EXERCISE INSTRUCTIONS:
Write out, without any change, the lines in the material below that run from the line with "NPTE Practice Questions: Sensory Testing" through the line with "Hala de inchiriat", both included.

RECORD SET:
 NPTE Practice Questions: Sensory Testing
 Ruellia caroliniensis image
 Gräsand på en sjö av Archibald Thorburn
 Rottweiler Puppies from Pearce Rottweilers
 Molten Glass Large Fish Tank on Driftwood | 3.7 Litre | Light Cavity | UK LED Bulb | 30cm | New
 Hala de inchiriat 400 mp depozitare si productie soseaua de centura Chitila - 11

---

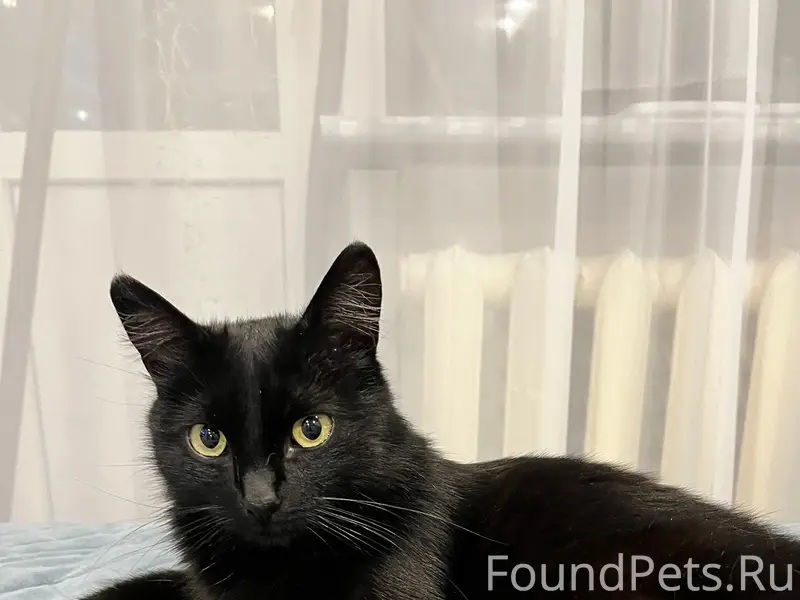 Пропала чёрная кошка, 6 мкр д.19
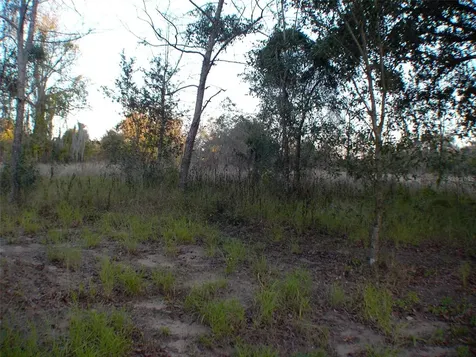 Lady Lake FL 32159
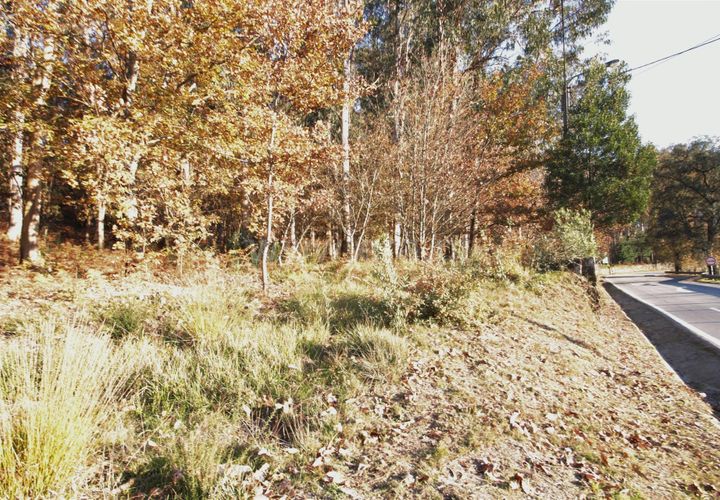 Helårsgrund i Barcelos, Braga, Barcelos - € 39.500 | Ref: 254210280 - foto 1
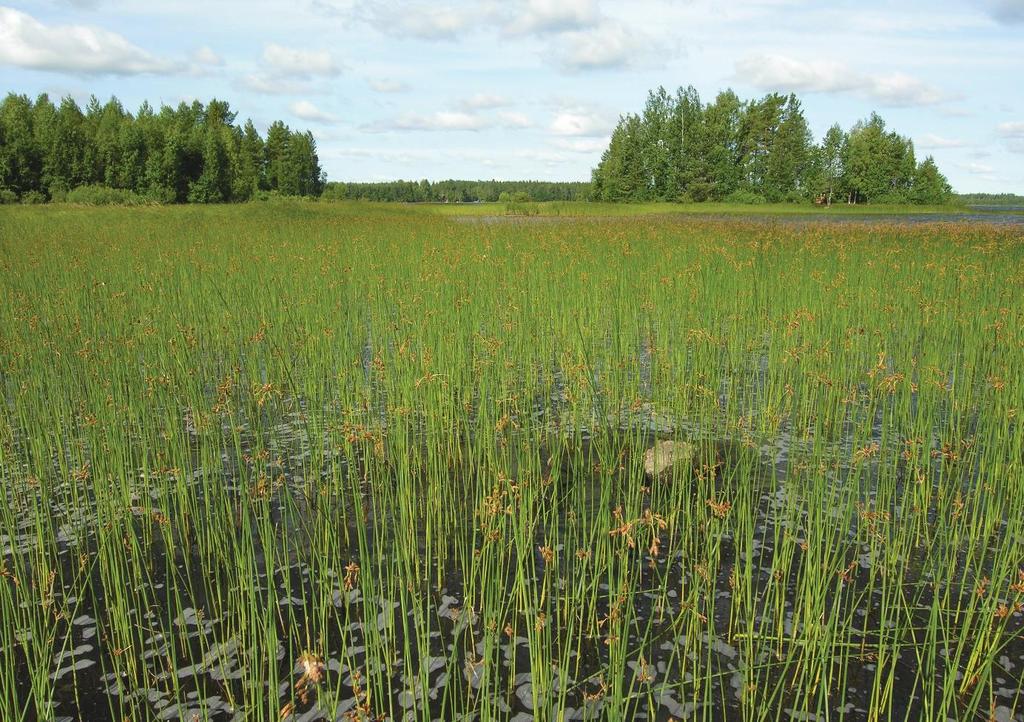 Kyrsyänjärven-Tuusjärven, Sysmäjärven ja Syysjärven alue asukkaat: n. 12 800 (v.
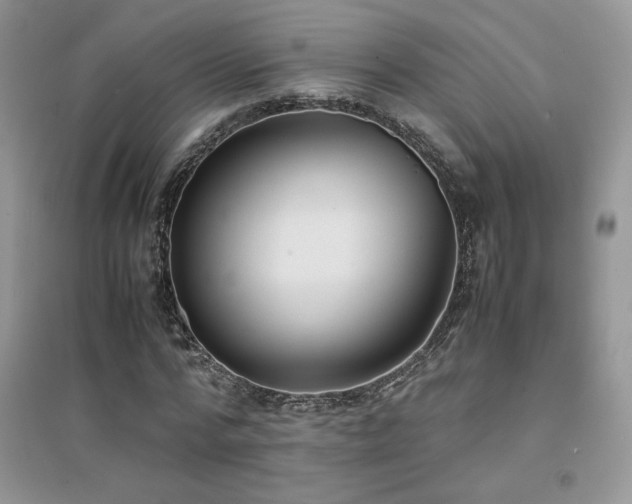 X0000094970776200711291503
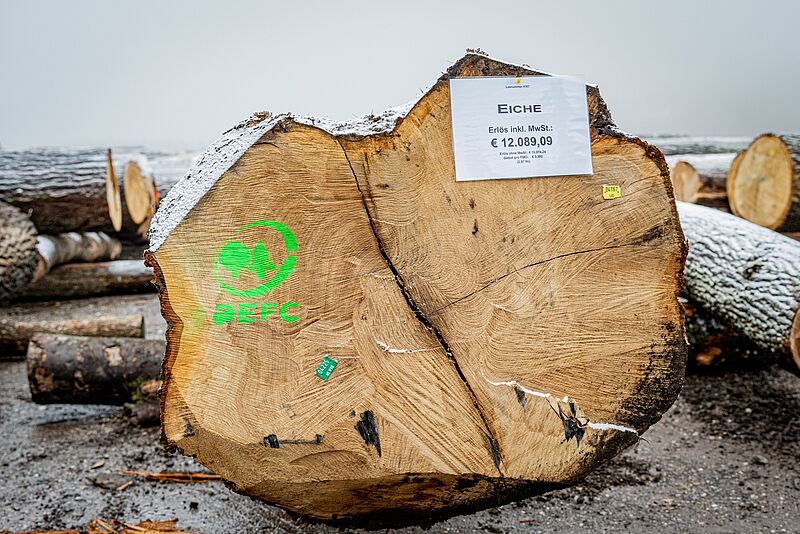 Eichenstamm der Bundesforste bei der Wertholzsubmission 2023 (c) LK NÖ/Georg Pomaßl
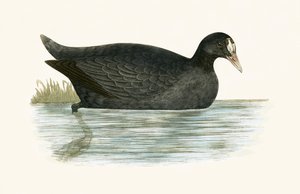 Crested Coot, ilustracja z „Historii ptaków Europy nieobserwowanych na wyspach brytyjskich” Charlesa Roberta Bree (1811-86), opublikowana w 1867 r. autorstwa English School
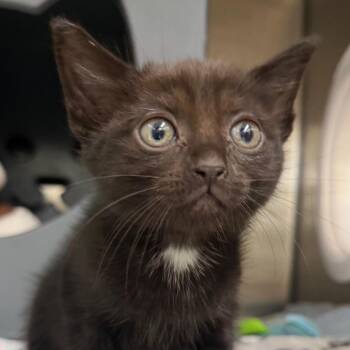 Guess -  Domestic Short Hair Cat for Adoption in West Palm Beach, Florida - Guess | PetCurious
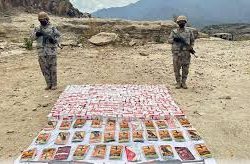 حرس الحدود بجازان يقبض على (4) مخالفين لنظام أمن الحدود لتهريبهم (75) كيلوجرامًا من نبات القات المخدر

WRITTEN REPLY:
 NPTE Practice Questions: Sensory Testing
 Ruellia caroliniensis image
 Gräsand på en sjö av Archibald Thorburn
 Rottweiler Puppies from Pearce Rottweilers
 Molten Glass Large Fish Tank on Driftwood | 3.7 Litre | Light Cavity | UK LED Bulb | 30cm | New
 Hala de inchiriat 400 mp depozitare si productie soseaua de centura Chitila - 11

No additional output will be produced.